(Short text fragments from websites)

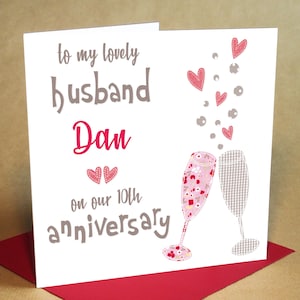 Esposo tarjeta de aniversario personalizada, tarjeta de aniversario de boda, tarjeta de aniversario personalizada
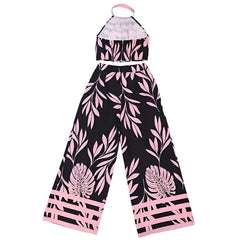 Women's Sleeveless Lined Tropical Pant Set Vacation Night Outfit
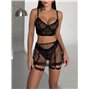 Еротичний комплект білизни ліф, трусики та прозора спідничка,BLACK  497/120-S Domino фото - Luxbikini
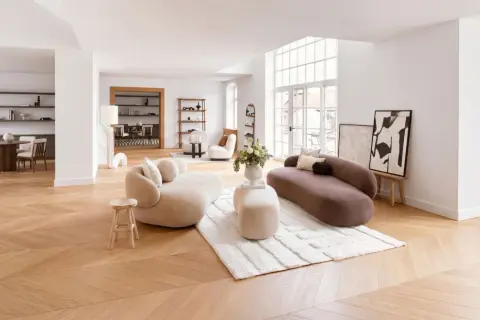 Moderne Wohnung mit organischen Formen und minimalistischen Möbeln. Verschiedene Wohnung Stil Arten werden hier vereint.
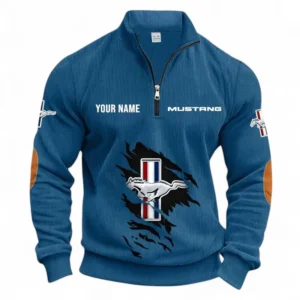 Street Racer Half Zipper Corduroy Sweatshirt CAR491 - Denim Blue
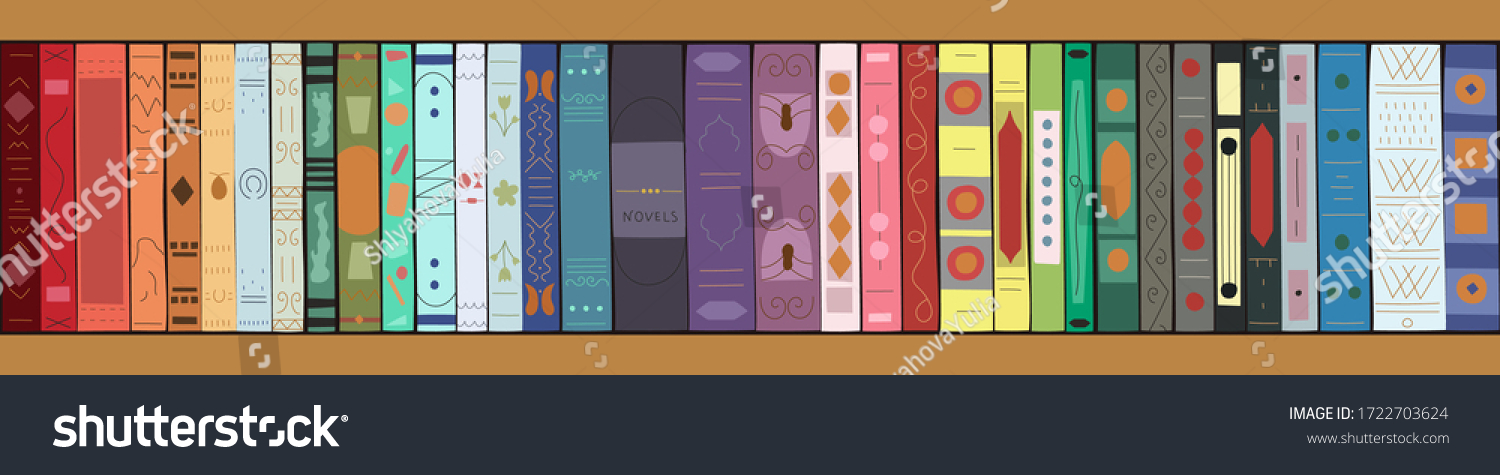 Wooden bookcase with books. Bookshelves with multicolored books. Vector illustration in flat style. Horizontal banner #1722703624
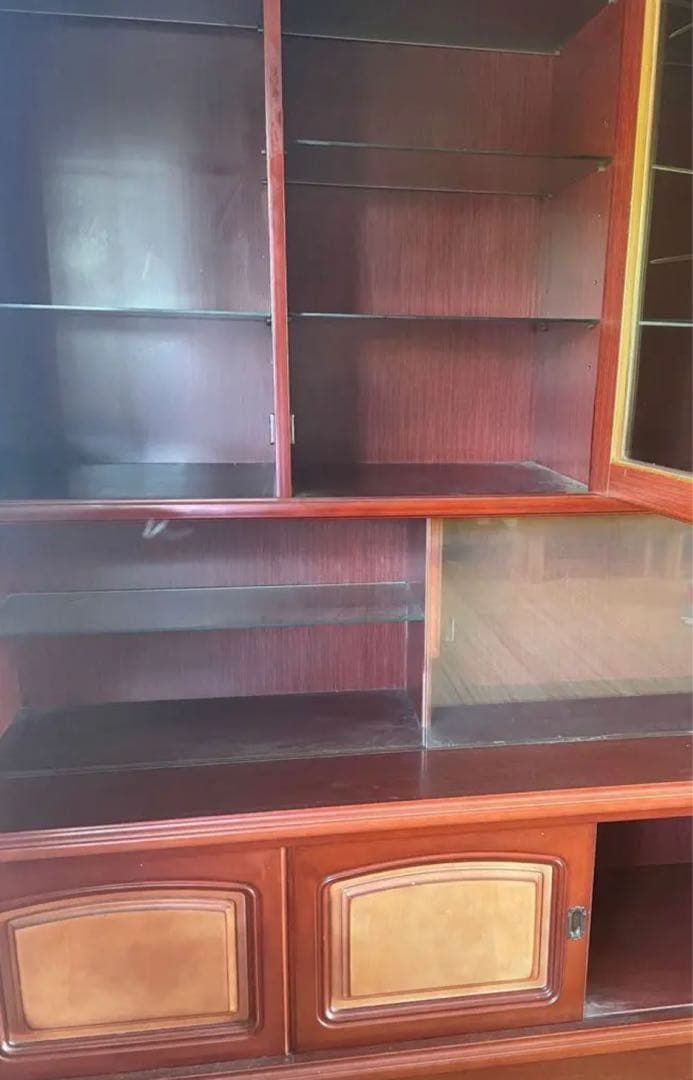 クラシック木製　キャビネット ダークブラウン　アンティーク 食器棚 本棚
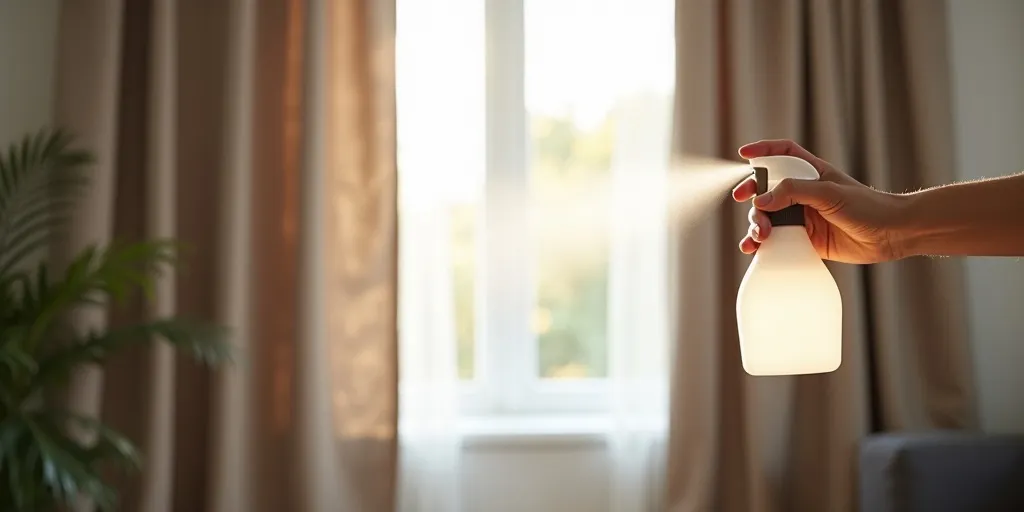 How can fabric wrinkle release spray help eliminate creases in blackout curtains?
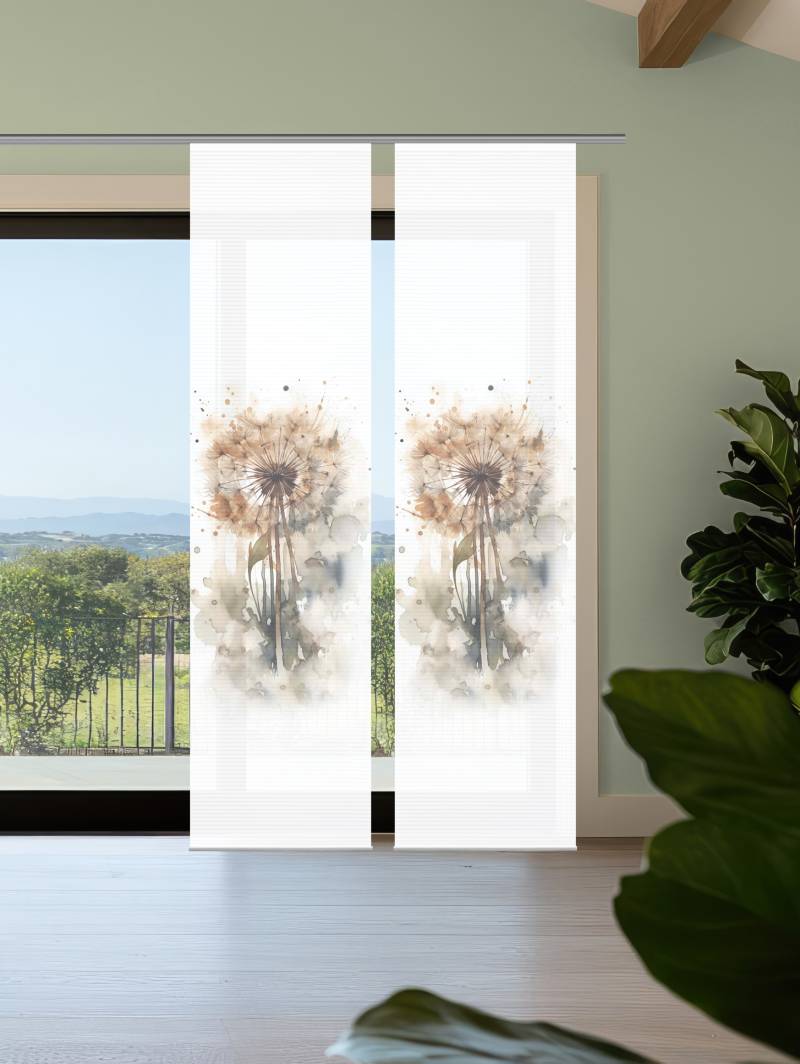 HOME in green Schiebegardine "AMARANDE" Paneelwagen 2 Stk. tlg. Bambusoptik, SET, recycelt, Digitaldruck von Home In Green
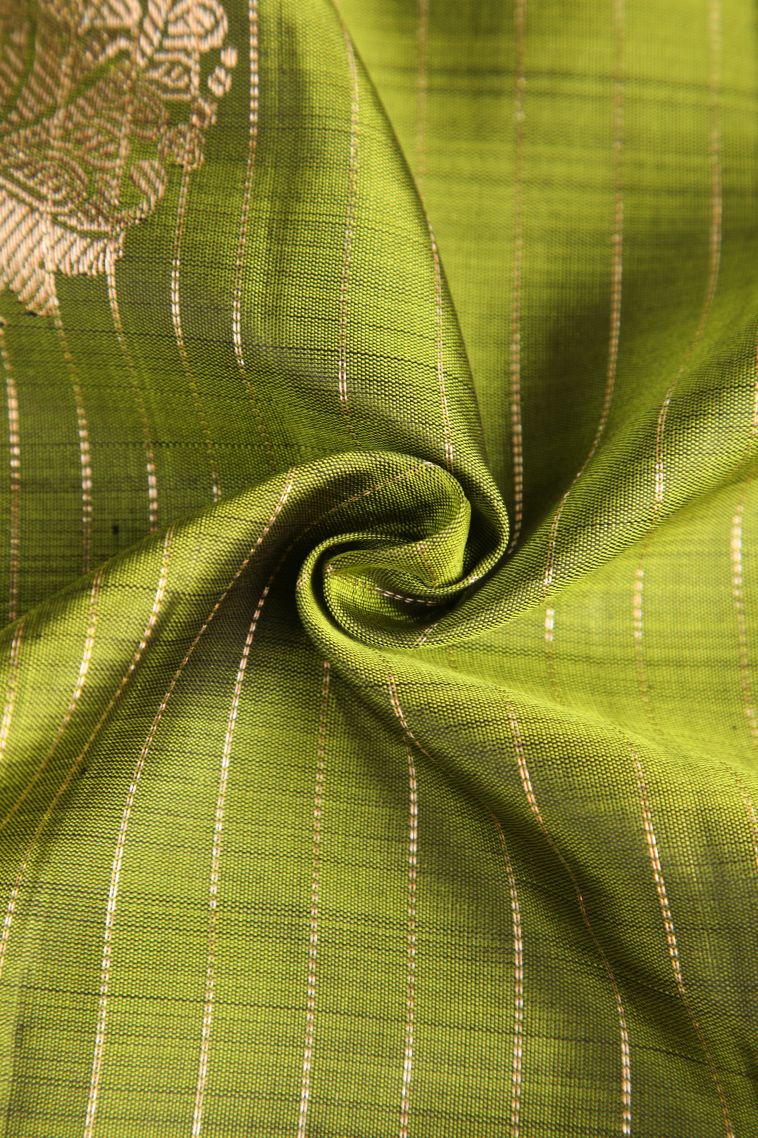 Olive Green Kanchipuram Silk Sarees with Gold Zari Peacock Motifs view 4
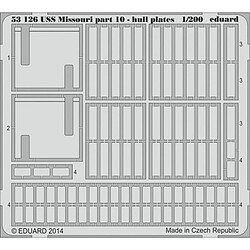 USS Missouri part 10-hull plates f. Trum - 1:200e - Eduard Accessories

• **EXERCISE**
An exact copy of the records above is needed, free of pictures.

• **TASK SOLUTION**
 Esposo tarjeta de aniversario personalizada, tarjeta de aniversario de boda, tarjeta de aniversario personalizada
 Women's Sleeveless Lined Tropical Pant Set Vacation Night Outfit
 Еротичний комплект білизни ліф, трусики та прозора спідничка,BLACK  497/120-S Domino фото - Luxbikini
 Moderne Wohnung mit organischen Formen und minimalistischen Möbeln. Verschiedene Wohnung Stil Arten werden hier vereint.
 Street Racer Half Zipper Corduroy Sweatshirt CAR491 - Denim Blue
 Wooden bookcase with books. Bookshelves with multicolored books. Vector illustration in flat style. Horizontal banner #1722703624
 クラシック木製　キャビネット ダークブラウン　アンティーク 食器棚 本棚
 How can fabric wrinkle release spray help eliminate creases in blackout curtains?
 HOME in green Schiebegardine "AMARANDE" Paneelwagen 2 Stk. tlg. Bambusoptik, SET, recycelt, Digitaldruck von Home In Green
 Olive Green Kanchipuram Silk Sarees with Gold Zari Peacock Motifs view 4
 USS Missouri part 10-hull plates f. Trum - 1:200e - Eduard Accessories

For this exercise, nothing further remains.